CHED HAD been away for about a month when I got home to find “love to hatred turn’d.” Noor was making dinner, checking his recipe board after each step even though he knew it just as well as if he’d written it himself. The not-so-hidden charms of a man who takes his time over every detail… especially once you distract him for just long enough to turn all his attention onto you. It didn’t occur to me to ask about the kids until halfway through our very late dinner. Bad stepfather.
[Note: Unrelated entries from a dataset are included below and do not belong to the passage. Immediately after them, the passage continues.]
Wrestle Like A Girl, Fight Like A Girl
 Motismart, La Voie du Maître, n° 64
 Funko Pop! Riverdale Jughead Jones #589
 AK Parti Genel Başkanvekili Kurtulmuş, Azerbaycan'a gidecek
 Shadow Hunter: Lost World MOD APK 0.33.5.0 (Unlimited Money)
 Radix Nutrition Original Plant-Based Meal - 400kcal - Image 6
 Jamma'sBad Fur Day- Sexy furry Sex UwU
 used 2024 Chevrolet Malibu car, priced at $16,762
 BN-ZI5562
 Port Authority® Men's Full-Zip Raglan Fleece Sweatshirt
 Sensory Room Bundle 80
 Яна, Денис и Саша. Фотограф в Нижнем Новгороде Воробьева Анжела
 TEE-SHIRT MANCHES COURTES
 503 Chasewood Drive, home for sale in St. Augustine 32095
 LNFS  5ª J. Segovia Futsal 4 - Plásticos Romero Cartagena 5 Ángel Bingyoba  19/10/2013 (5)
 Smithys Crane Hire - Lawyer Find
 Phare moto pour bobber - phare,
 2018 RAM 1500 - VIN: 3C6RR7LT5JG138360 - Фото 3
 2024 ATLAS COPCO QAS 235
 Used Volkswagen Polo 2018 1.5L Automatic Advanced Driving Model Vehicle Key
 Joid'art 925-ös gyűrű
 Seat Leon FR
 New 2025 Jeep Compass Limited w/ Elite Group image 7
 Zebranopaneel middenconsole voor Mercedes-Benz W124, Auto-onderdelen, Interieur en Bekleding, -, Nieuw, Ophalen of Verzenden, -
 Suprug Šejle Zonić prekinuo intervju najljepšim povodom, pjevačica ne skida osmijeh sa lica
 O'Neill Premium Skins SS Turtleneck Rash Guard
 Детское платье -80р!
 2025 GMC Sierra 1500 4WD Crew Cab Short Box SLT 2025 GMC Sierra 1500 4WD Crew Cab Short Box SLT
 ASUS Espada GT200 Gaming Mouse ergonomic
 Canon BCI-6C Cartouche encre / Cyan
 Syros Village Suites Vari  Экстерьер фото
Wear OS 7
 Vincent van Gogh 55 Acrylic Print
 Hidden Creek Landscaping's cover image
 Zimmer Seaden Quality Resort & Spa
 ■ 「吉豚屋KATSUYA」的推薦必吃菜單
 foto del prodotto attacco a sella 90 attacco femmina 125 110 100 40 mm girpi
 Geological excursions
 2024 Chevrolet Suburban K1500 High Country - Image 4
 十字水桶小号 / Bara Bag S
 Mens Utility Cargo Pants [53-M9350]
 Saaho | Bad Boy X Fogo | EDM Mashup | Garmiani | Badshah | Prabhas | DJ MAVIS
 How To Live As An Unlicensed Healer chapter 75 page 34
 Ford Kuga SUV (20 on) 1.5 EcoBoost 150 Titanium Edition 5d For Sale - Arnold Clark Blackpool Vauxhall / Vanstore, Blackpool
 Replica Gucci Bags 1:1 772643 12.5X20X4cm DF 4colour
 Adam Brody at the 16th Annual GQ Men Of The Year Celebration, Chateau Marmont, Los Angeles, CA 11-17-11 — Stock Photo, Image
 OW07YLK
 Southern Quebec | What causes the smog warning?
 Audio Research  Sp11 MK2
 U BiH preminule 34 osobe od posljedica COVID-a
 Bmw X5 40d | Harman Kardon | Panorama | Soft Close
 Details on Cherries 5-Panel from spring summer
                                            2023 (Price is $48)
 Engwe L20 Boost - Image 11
“Er… have the kids already eaten?”

Noor shook his head. “They promised they’d have something later.”

“Hmmm. Why?”

“Not sure. Heartbreak, I think.”

“Ah, so the face shifter isn’t The One after all?”

“No, it’s not Day — well, it is Day, but only because she can’t let Aisha go through it all on her own.”

The sisters were huddled together on Aisha’s bed with a laptop between them. They closed the laptop when I came into the room, leaving me to look around at the bare walls and wonder what had happened. Both girls were red-eyed and strenuously denied being upset. When I left the room I clearly heard Day say: “You’ve got to stop watching it,” and Aisha answered: “I know, but I can’t.” Then she said, “Maybe it isn’t true, Day? It probably isn’t true,” and Day said, “Oh, Aisha.”

NOOR AND I WATCHED the video ourselves downstairs. It was called “A Question About Matyas Füst.” Noor found it hard to watch in one go; he kept pausing it. This cowardly pacing would normally have been grounds for a dispute; I agreed with him just that once, though. The video opened with a woman sitting on the floor in her underwear, showing us marks all over her body. A lot of the marks were needle track marks, but they were outnumbered by marks I hadn’t wanted Day and Aisha to ever become acquainted with: bruises left by fists and boots. I dreaded the end of the camera’s journey up to the woman’s face and didn’t know what to think when I saw that it was untouched, even a subdued kind of pretty. No makeup, clean, mousy-looking hair, age absolutely anywhere between twenty-five and forty-five. I’d seen girls who resembled her waitressing in seedy bars across the Continent, removing customers’ hands from their backsides without turning to see who the hand belonged to, their gestures as automatic and unemotional as swatting midges.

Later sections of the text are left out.